The following extracts have been taken from
"Phosphorus in the environment: its chemistry and biochemistry" by John R. Van Wazer
of the Chemistry Department of Vanderbilt University, Nashville, Tennessee.
(CIBA Foundation Symposium 57, 1978.)

 [Gin Lane by Hogarth]

The unprecedented increase in the worldwide population of humans - a growth which has been underway for two centuries and has been continuously accelerating - seems to be a root cause of many of the problems of today. Current events once more arouse fears that the probable conclusion of our present growth era will unfortunately consist of widespread death from famine, pestilence, and social disruption of various kinds.

As part of the numerous large-scale changes that we humans have introduced into our lives during the past 100 years there has been a growing worldwide use of plant fertilisers obtained from mining or chemical operations or both. A key mineral-based constituent of fertilisers is phosphorus which is one of the three elements (nitrogen, phosphorus, and potassium) that are emphasised in fertiliser technology. Phosphorus is concentrated in relatively few large deposits that may be mined and used commercially without an unreasonable demand for labour or energy resources. Most of this phosphate rock ends up in fertilisers; and deposits that appear by present standards to be economically feasible to mine are expected to last for the next few hundred years.

Because of its central role in both photosynthesis and the metabolism of all known forms of life, phosphorus is a key element for all life on earth.
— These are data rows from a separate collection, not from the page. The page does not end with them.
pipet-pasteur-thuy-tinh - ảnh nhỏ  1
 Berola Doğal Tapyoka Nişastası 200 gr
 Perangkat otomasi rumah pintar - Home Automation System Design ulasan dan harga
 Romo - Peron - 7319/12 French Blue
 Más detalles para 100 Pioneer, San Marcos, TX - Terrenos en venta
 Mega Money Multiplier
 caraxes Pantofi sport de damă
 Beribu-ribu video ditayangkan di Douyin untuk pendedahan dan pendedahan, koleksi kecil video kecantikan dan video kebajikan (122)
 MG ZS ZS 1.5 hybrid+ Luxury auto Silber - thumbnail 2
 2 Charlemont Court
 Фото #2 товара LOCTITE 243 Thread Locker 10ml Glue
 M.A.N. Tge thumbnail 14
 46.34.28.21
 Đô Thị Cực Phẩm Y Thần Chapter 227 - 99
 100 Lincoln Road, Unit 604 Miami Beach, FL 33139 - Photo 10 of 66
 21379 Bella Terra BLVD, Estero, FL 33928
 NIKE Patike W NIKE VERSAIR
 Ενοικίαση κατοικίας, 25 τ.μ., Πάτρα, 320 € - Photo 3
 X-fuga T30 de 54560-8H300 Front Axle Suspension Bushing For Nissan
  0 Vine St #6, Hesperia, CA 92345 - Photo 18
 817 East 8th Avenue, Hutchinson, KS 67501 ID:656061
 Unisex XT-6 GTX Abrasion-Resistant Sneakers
In view of the large and rapidly growing population of the world, many optimists look to a greatly increased use of chemical fertilisers as the means whereby the vast hordes of mankind expected in the next 25-100 years will be enabled to feed themselves.

It has sometimes been implied that a combination of chemical fertilisers, new strains of food plants with improved yields, and the continuation of 'high technology' based on abundant supplies of energy and water will allow nearly everyone in the so-called 'developing' regions to be well fed and to enjoy consumer products such as are now available to the moderate-income inhabitants of the technologically advanced countries.

On these assumptions, careful use and conservation of the easily mined phosphorus deposits could become a sacred trust for the future teeming generations.

In brief, this trust might be embodied in a proposal for mining no more phosphate rock than is necessary for sufficient food production and using it in such a way that dissipation of phosphorus into run-off waters is minimised.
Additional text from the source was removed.